Ever since I was able to speak, my parents instilled in me the mantra of “Only speak when spoken to” – a trait that works well when you’re like four, but not so much when you’re a working journalist having to deal with people every day.
I, Kauthar Gool, am sad to report that despite having more than a year’s worth of experience in writing and journalism, I still have not broken out of my shell. This is a big problem, not only for me, but for shy kids and young adults everywhere!
Below I’ve listed the top five things that go through our minds at any given time. Let’s just say it’s really hard living life as an introvert!
1. We don’t like people
Maybe that sounds a little harsh. What I mean is we often don’t like talking to people and generally like keeping social interactions as quick as possible, unless we really feel comfortable and relaxed around the person we’re chatting to.
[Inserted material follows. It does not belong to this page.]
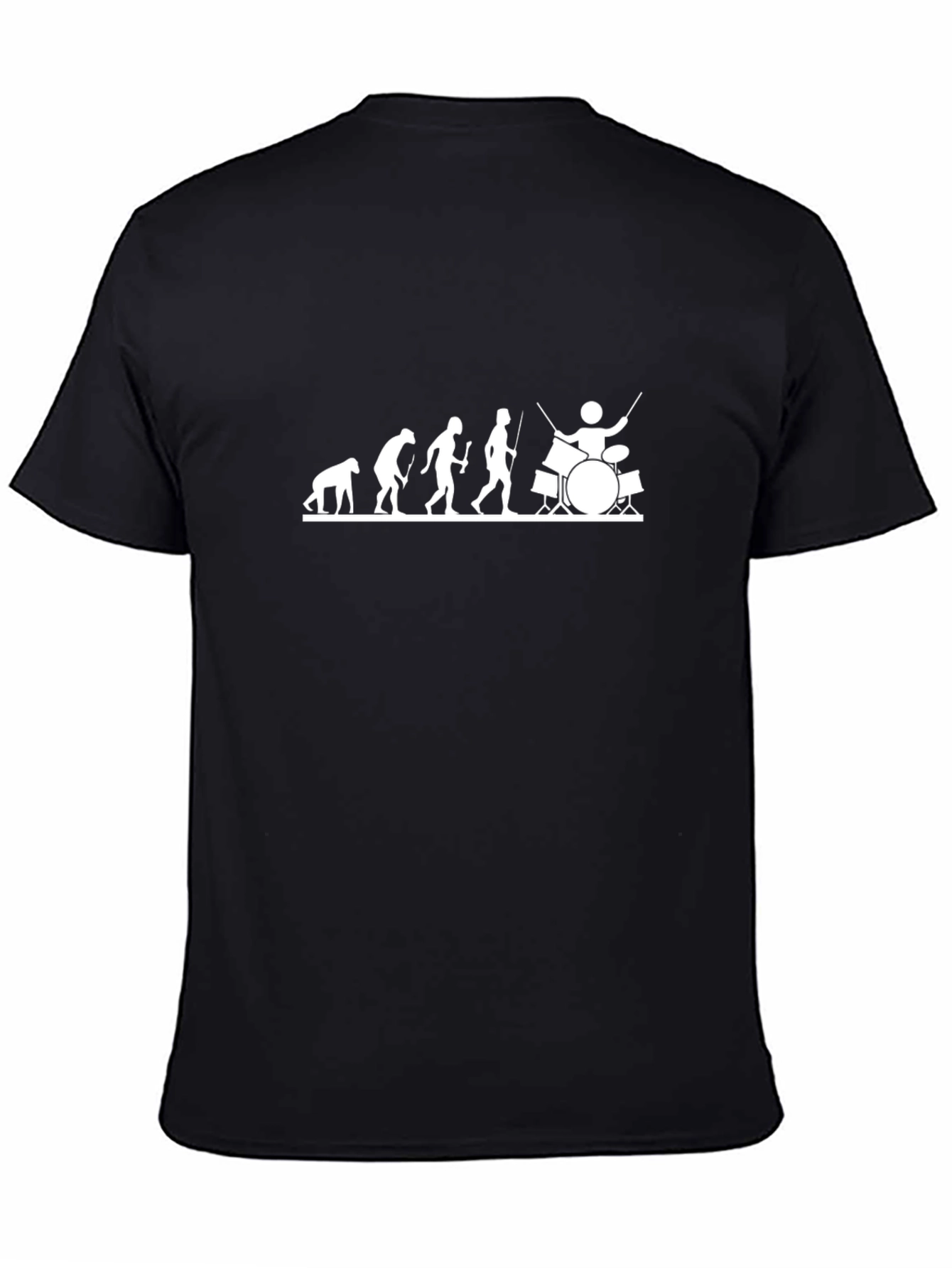Evolution of Drummer T-Shirt - Black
2. We are generally very awkward and clumsy
For me, even walking from my desk to rest-room can be a challenging and awkward experience. I go through an entire multiple choice quiz in my head while performing this basic human task, thinking, should I:
A.) Smile at my colleagues as I walk past?
B.) Pretend to be texting on my phone?
C.) Glare at people and occasionally look down when they start glaring back
Sadly, I often choose option C, which makes me come across as stuck-up and unfriendly and doesn’t give people a chance to get to know me for the gentle person I really am. This is often the case with shy people, we seem rude, when we’re really just scared of getting judged by others.
3. We hate being excluded
Now this may seem like a contradiction to the above mentioned traits introverts tend to exhibit, but imagine you’re sitting at your desk at school or work and all you can hear around you are chatters about fantastic weekend plans you haven’t been included in – it hurts to not get invited to places with colleagues and to be side-lined without people even getting to know you first.
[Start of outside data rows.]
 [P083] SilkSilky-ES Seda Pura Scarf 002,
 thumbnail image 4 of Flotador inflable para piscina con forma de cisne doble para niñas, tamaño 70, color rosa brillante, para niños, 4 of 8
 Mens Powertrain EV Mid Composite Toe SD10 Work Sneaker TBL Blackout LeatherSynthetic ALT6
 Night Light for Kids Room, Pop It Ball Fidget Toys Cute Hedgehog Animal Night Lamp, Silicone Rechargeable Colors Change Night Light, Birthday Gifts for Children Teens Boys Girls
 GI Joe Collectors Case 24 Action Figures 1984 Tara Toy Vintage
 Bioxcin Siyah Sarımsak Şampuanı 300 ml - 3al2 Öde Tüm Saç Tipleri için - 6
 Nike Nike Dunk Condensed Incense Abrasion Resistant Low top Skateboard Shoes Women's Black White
4. We have a small circle of friends – great friends
After narrowing down the weirdoes that are willing to spend time with our eccentric selves, we manage to find a group of people (mainly extroverts) that love us and accept us just as we are. I call them extroverts that adopt us as their pet projects.
5. We’re actually awesome people
Introverts are often the coolest people around, but simply have trouble expressing themselves. We like rock music and pizza and high-waisted jeans just like everyone else. We may not like talking much at first, but when we get started, boy oh boy, will we chatter your ears off! Sadly, we’ll hardly ever make the first move, but please try to understand that we are quite normal and just a little reluctant to put ourselves out there.
If you’re an introvert like me, I’ve got a few tips for you to kept you kick that shell to the curb and show the world just how wonderful you are.
Try and speak to a few new people every day.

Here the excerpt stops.